TASK: Only an exact copy is wanted: the lines from the one holding "Turistas en los puentes, en Arrecife." through the last line below, minus the pictures.

Records drawn from a dataset:
....
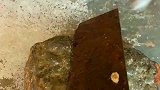 大哥路边捡来的石头，用菜刀敲开看里面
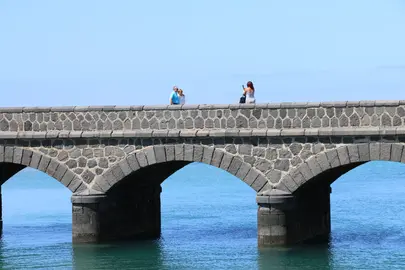 Turistas en los puentes, en Arrecife.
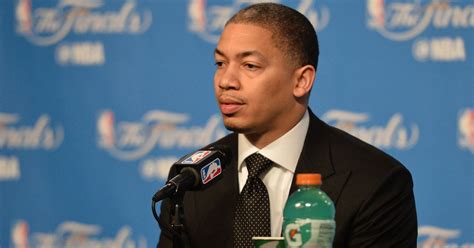 Cavaliers coach Tyronn Lue fined $25K for criticizing officials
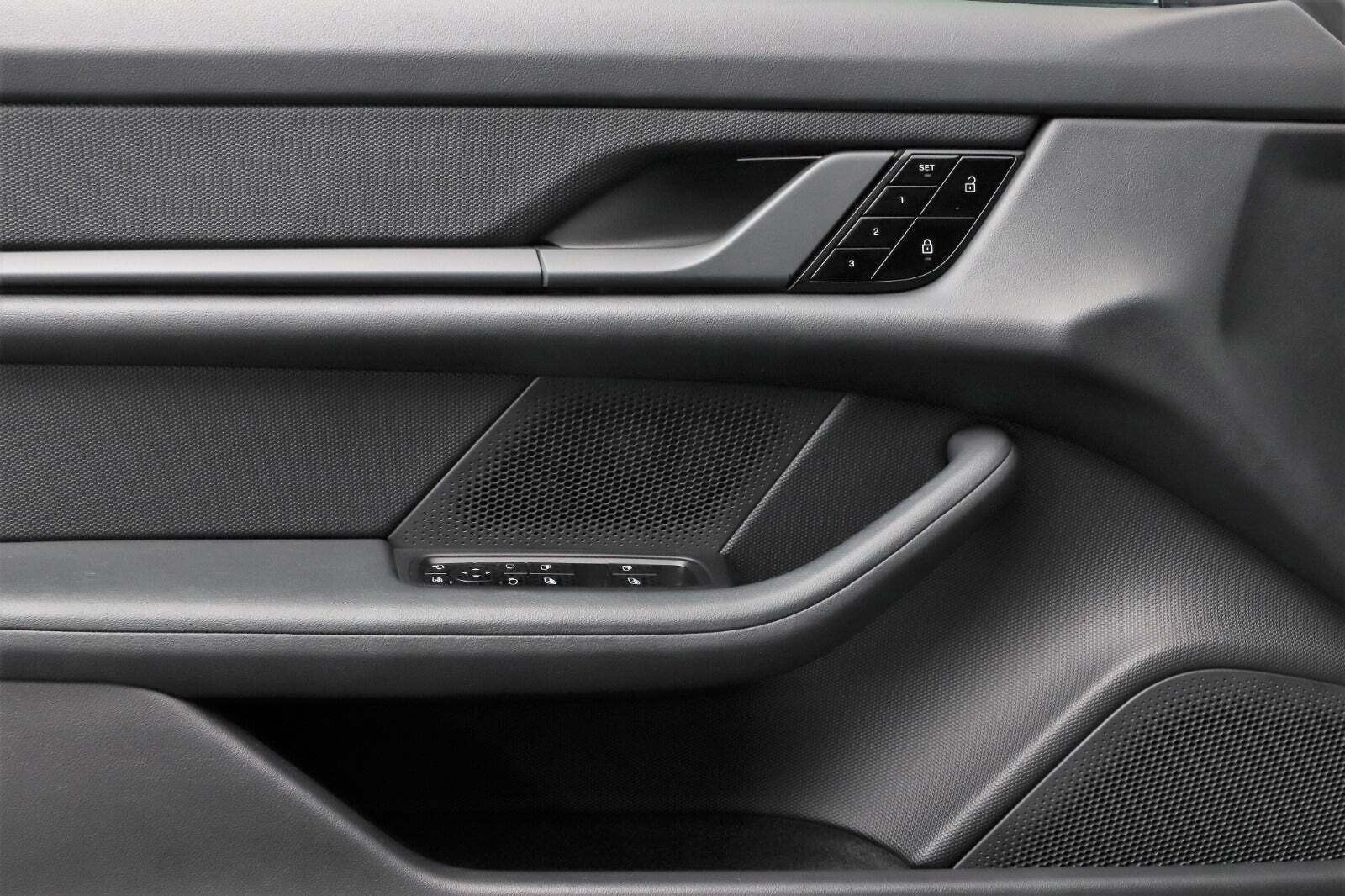 Grå Porsche Taycan 4S fra 2021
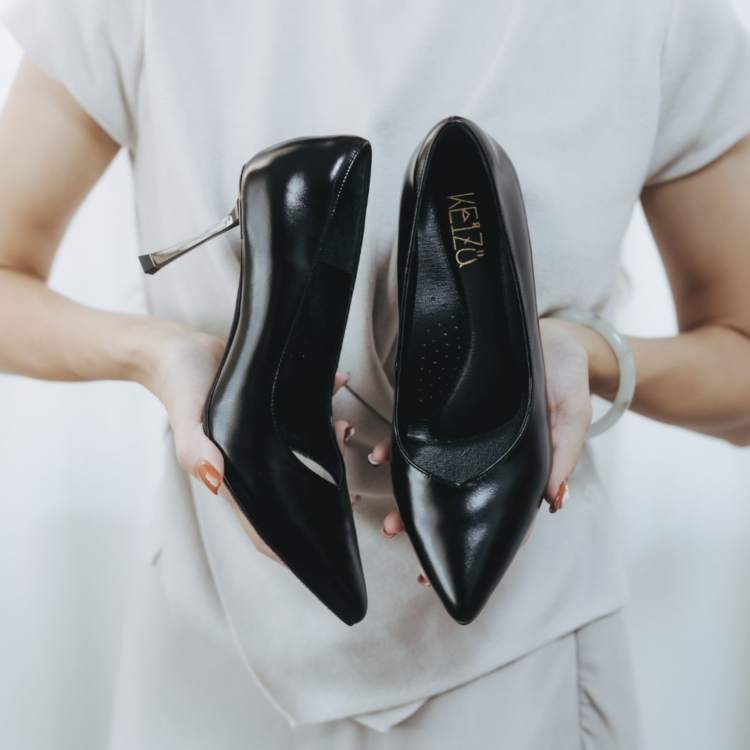 Élise獨立之心∥7cm油皮金屬超穩跟∥黑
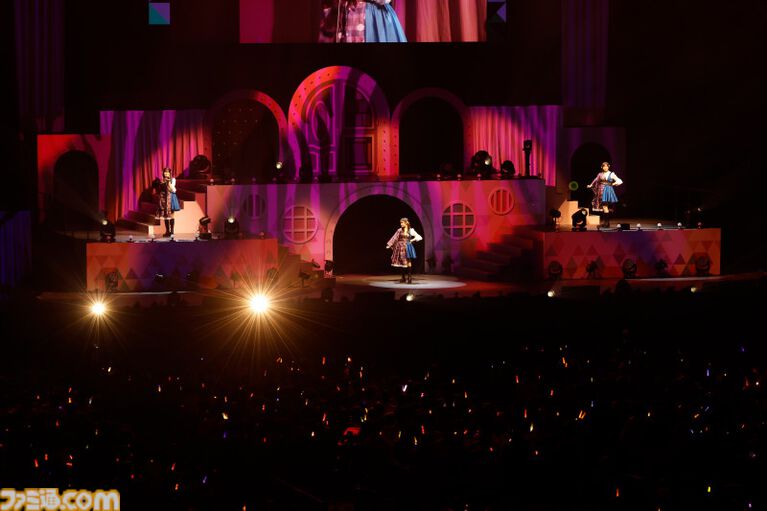『アイマス ミリオンライブ!』14thライブDAY1エミリー&まつり主演公演リポート。MCなしで32曲をノンストップで披露。それぞれのソロ新曲はもちろん、ふたりの新デュエット曲も!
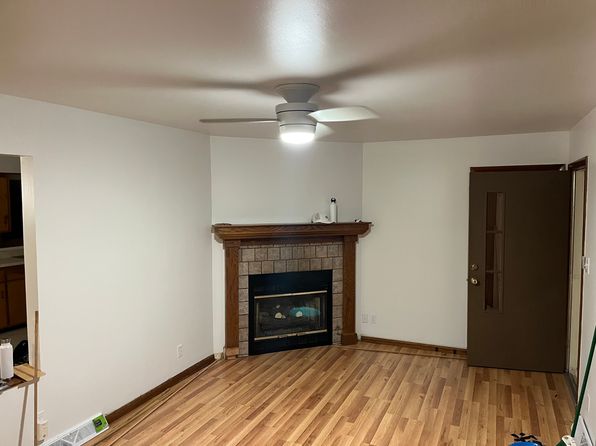 1046 Country Club Dr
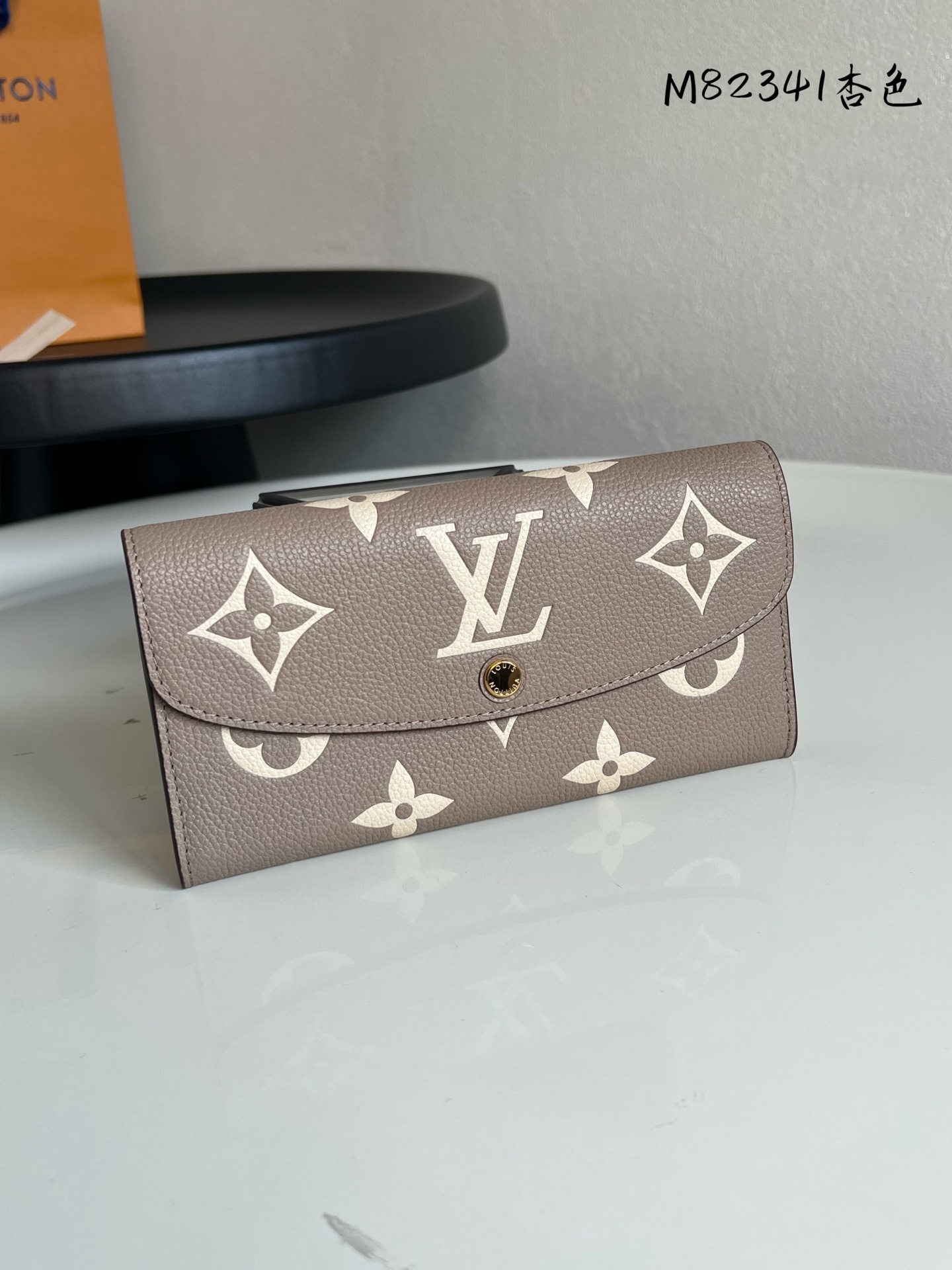 原单芯片版💕顶级原单M82341 杏色、本款 Emilie 钱夹取材 Monogram Empreinte 粒面皮革,先后以压印和印花工艺描绘大号 Monogram 图案。纤巧构型内设拉链零钱袋和卡片夹层,亦可化身优雅手拿包。size:19 x 10 x 2 cm。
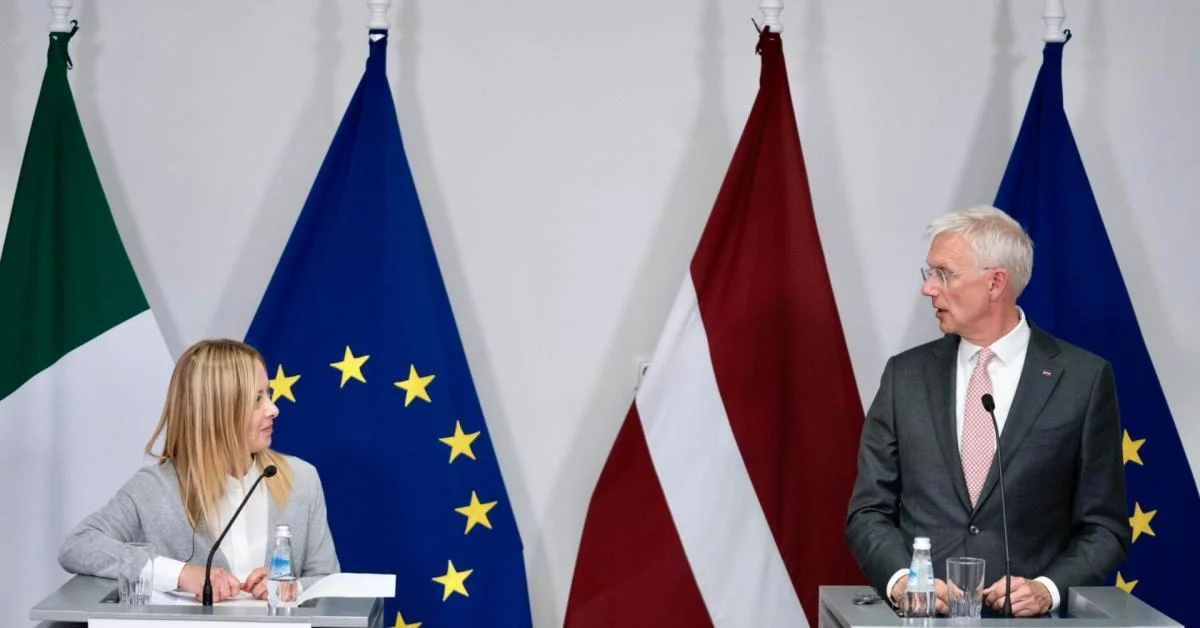 Novo Pacto UE sobre migração entra em vigor em 2026: promessa de solidariedade que expõe fissuras entre soberania nacional, repatriações e fronteiras frágeis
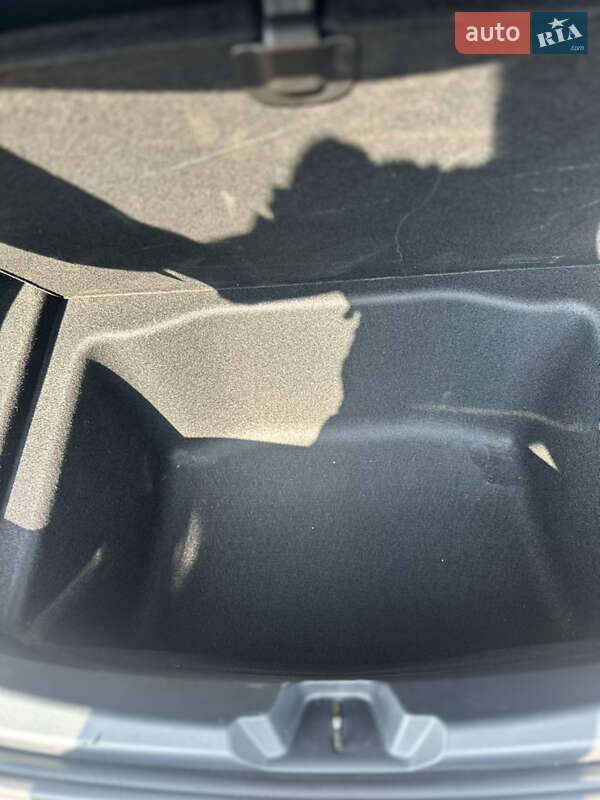 Седан Tesla Model 3 2023 в Ірпені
....
FINAL ANSWER:
 Turistas en los puentes, en Arrecife.
 Cavaliers coach Tyronn Lue fined $25K for criticizing officials
 Grå Porsche Taycan 4S fra 2021
 Élise獨立之心∥7cm油皮金屬超穩跟∥黑
『アイマス ミリオンライブ!』14thライブDAY1エミリー&まつり主演公演リポート。MCなしで32曲をノンストップで披露。それぞれのソロ新曲はもちろん、ふたりの新デュエット曲も!
 1046 Country Club Dr
 原单芯片版💕顶级原单M82341 杏色、本款 Emilie 钱夹取材 Monogram Empreinte 粒面皮革,先后以压印和印花工艺描绘大号 Monogram 图案。纤巧构型内设拉链零钱袋和卡片夹层,亦可化身优雅手拿包。size:19 x 10 x 2 cm。
 Novo Pacto UE sobre migração entra em vigor em 2026: promessa de solidariedade que expõe fissuras entre soberania nacional, repatriações e fronteiras frágeis
 Седан Tesla Model 3 2023 в Ірпені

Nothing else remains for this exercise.